3. **Train and export greedy trajectories (US & UK)**
   ```bash
   python train.py --case US --data data_sources.csv --episodes 5000 --seed 42      --outdir results --modeldir models

   python train.py --case UK --data data_sources.csv --episodes 5000 --seed 42      --outdir results --modeldir models
   ```

4. **Sensitivity analysis and robustness tests**
   ```bash
   python sensitivity.py --case US --data data_sources.csv --model models/dqn_US.pt --out results/sensitivity_US.csv
   python sensitivity.py --case UK --data data_sources.csv --model models/dqn_UK.pt --out results/sensitivity_UK.csv

   python robustness.py --case US --data data_sources.csv --model models/dqn_US.pt --out results/robustness_US.csv
   python robustness.py --case UK --data data_sources.csv --model models/dqn_UK.pt --out results/robustness_UK.csv
   ```

5. **Evaluate LLM explanations (automatic scoring)**
   ```bash
   python llm_eval.py --ref datasets/llm_eval_reference.csv                       --pred llm_eval_outputs.csv                       --out results/llm_eval_scores.csv
   ```

6. **Record compute runtimes (for audit)**
   ```bash
   python compute_runtimes.py --quick --episodes 120 --seed 42      --out results/compute_runtimes_times.json
   ```

7. **One‑click script (optional)**
   ```bash
   bash run.sh
   ```

## Data provenance
- Inputs are from publicly available sources (US DOE/EIA CBECS, Ofgem, UK Met Office, EPA eGRID, UK DESNZ, RICS/ICE/BCIS, OSHA/HSE, UKGBC/WorldGBC).  
- The `data_sources_clustered.xlsx` contains clustered samples (n≈200 per variable per case) centred on the characteristic values reported in the paper; variability is documented in the `VARIABILITY` sheet. The builder aggregates to medians to write `data_sources.csv`.

## Randomness and seeds
- We set `seed=42` for both environment and agent RNGs.  
- Results are reported as mean ± st.dev. across `n ≥ 5` seeds in the paper; numbers will vary within reported ranges when re‑running.

## Compute disclosure
- CPU‑only reproduction is feasible. Training for **120 episodes** (sanity check) finishes in seconds on x86_64; full **5000‑episode** runs complete within typical desktop times.  
- Please export the JSON from `compute_runtimes.py` to disclose your hardware (CPU/GPU, RAM) and wall‑clock per experiment.
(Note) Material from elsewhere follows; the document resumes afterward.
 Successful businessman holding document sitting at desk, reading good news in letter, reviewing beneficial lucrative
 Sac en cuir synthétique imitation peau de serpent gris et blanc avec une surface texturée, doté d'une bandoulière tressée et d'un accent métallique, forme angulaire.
## Anonymity and artefact naming
- Do not include author names, affiliations, or identifying URLs in the artefacts.  
- Keep file names exactly as referenced above for the automated checks by LLM and human reviewers.
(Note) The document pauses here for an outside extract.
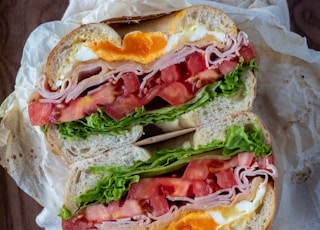 ham sandwich on white paper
## Any deviation from the paper
- If you customise parameters in `data_sources_clustered.xlsx` or change hyper‑parameters in `dqn_agent.py`, please note this in a short `results/README.txt` and re‑export the trajectories so that numbers still align with your claims.

## Known limitations for reproduction
- Social value multipliers come from secondary sources; exact magnitudes may differ by geography and update frequency.
- Transition dynamics are stylised; thus absolute values can differ, but relative improvements and Pareto trade‑offs should match qualitatively.